El resto, ahora que se celebra el centenario de Nosferatu, que así se llamaba el film, aparece difuminado en sus memorias, consultadas expresamente para este pequeño flashback impulsado por los actos promovidos por la Universidad de Jaén con tal motivo. Algunos están, —estamos, ya que yo era uno de aquello soldados—, convencidos de que vimos la película original de 1922 restaurada para la ocasión. Otros, quizá más cinéfilos y con la mente mas actualizada, creen que asistimos a la proyección de una de las obras que beben del original de Murnau, concretamente la de Werner Herzog protagonizada por Klaus Kinski, Isabelle Adjani y Bruno Ganz. La una, en glorioso y expresionista blanco y negro. La otra, en vistosos colores, pero habiendo perdido la expresividad de la primera. Incluso hemos puesto sobre la mesa
las virtudes y defectos de ambas, inclinándose la balanza de las primeras con Murnau y la de lo menos conseguido con la de Herzog.
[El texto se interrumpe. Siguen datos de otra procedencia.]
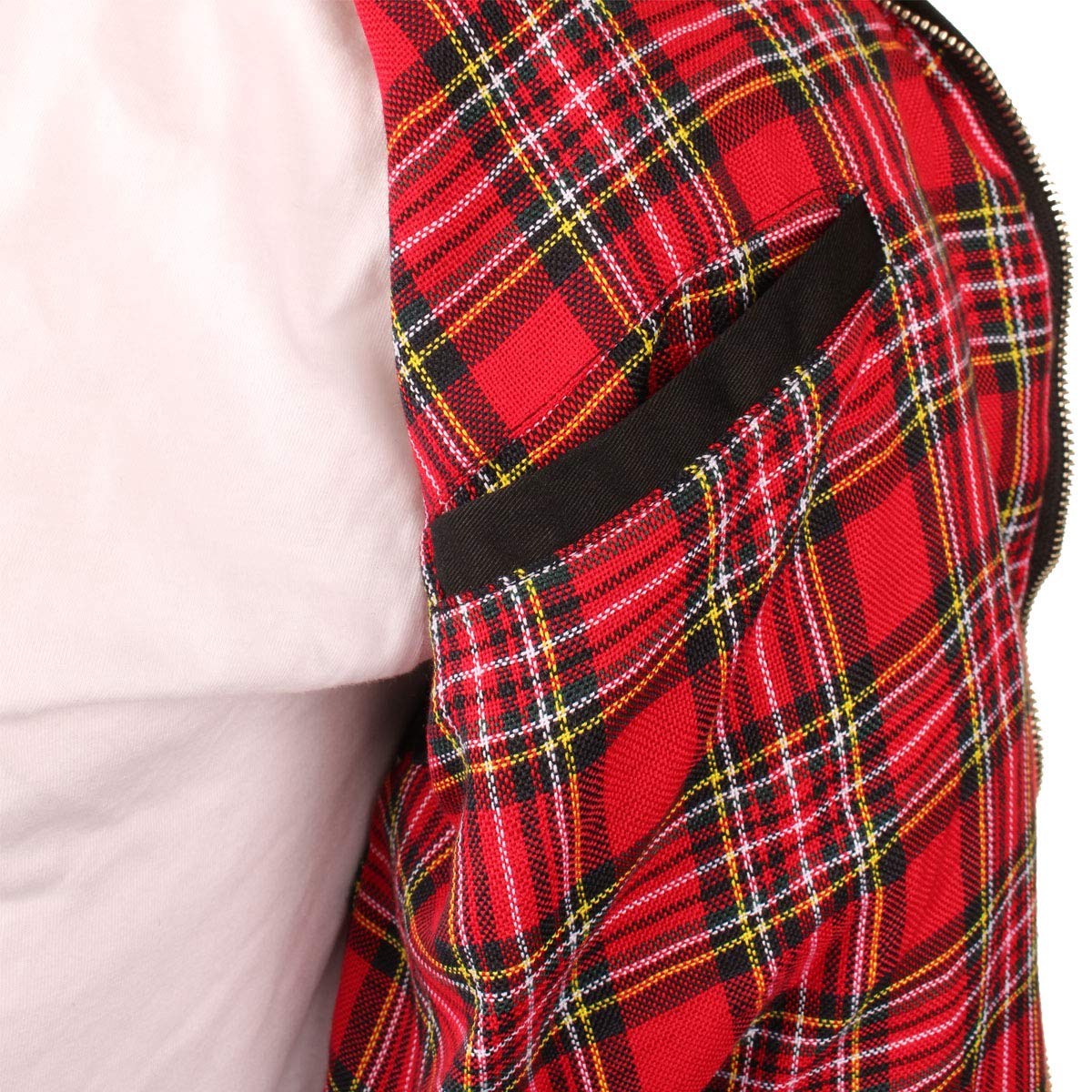 Mil-Tec Men’s English Style Harrington Jacket – Black Blouson 3XL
A ninguno nos cabe duda de que Nosferatu, el alter ego de Drácula que solo recuperó su nombre con Herzog por problemas con los derechos, —en la película de Murnau es el Conde Orlok— resulta ser el icónico vampiro que abrió el camino. Y lo hizo con tal despliegue de hallazgos fílmicos que su visionado, aun hoy, nos hace vibrar y altera nuestro pulso acelerando los latidos de nuestro corazón —o ralentizándonos— al ritmo de unas imágenes en absoluto estado de gracia.
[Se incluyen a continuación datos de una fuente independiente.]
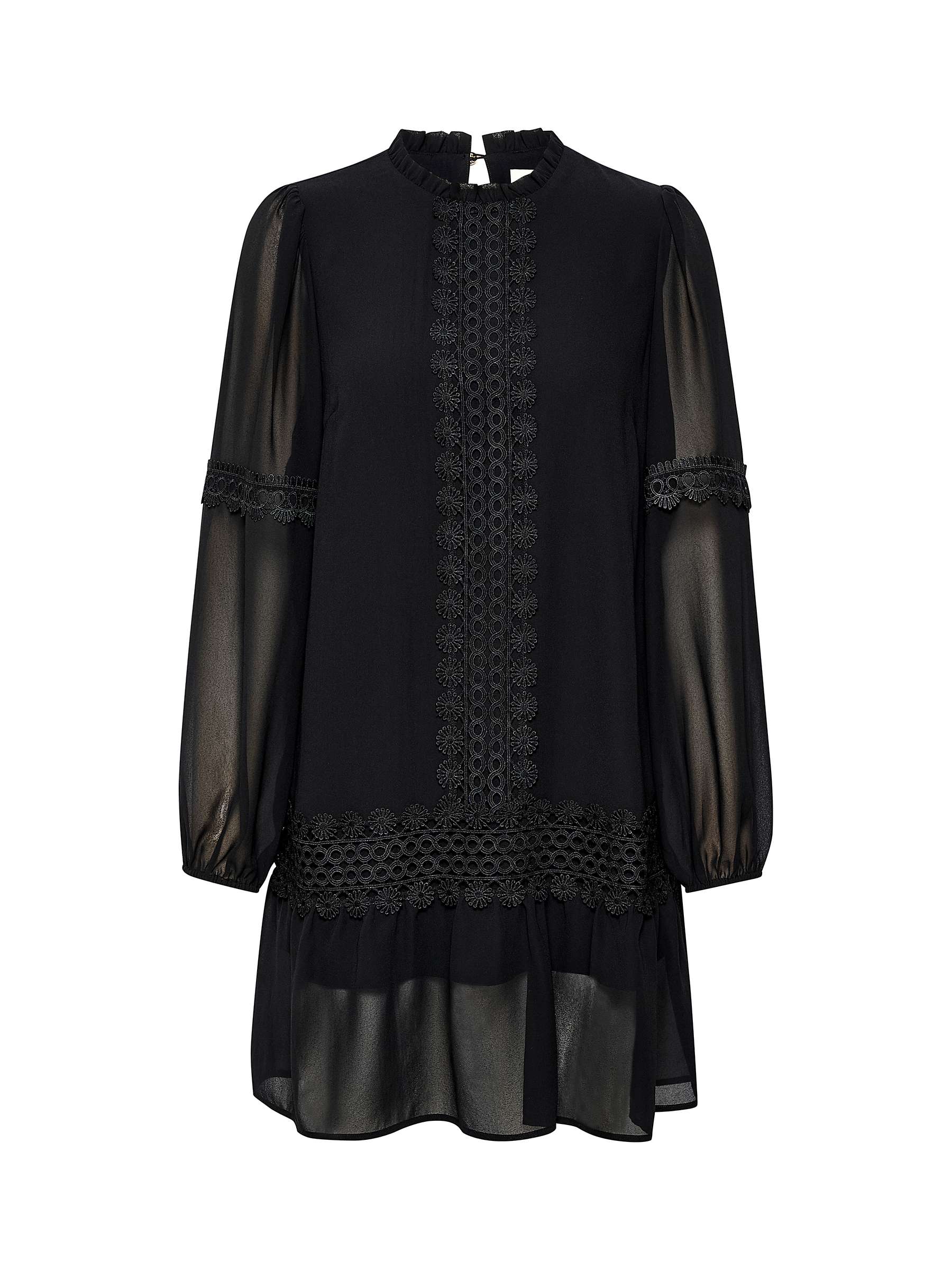 Buy KAFFE Freya Dress, Deep Black Online at johnlewis.com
Ya que aquellos soldados “nos hacíamos hombres por la Patria” en 1979 es más que probable que asistiéramos en el Cine Proyecciones —en eso parece haber coincidencia— al film de Herzog, pero en nuestra mente ambas películas parecen haberse fundido en una mezcla de la que emerge un solo personaje, una sola figura estelar que vive, como es propio de un vampiro, más allá del tiempo y de nuestra propia vivencia.
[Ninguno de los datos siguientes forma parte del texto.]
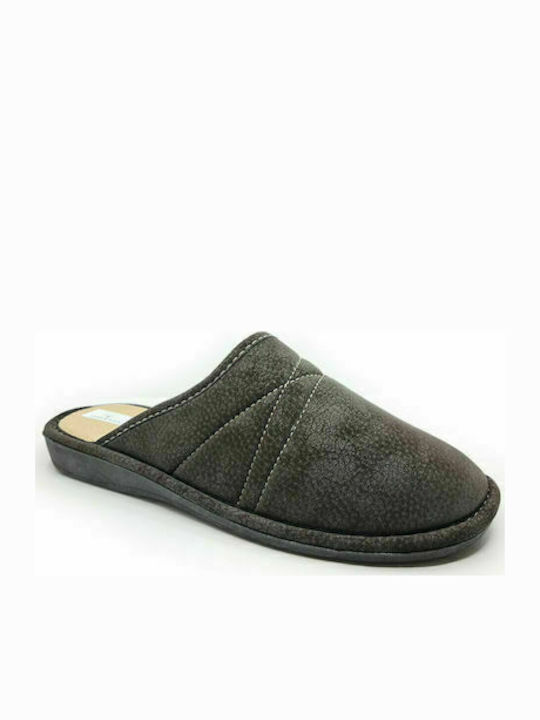 Lazar & Luca 747 Men's Slipper Brown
Las escenas, quizá en exceso lentas para los cánones actuales, nos asaltan casi sin cerrar los ojos y reinventan el color y el blanco y negro en un mix que trasciende y nos transporta ante aquella pantalla frente a la seguimos siendo los jóvenes de entonces. Las sombras se hacen dueñas incluso de la luz y el miedo se transfunde por nuestras venas mientras nos parece atravesar uno de los ataúdes verticales como puertas hacia un más allá en el que la realidad cambia de lado y nos atrapa. Esa realidad, esa luz del sol, debilita al vampiro en el Drácula de Stoker, pero en Nosferatu directamente lo mata. Cuarenta y tres años después de aquella tarde de cine huyendo del cuartel y cien desde el estreno de Nosferatu en Berlín, los picados y contrapicados amenazadores nos siguen advirtiendo de que la razón, la libertad y el amor, más allá del terror, nos pueden transportar hasta horizontes indefinidos. Transilvania puede estar más cerca de lo que imaginas.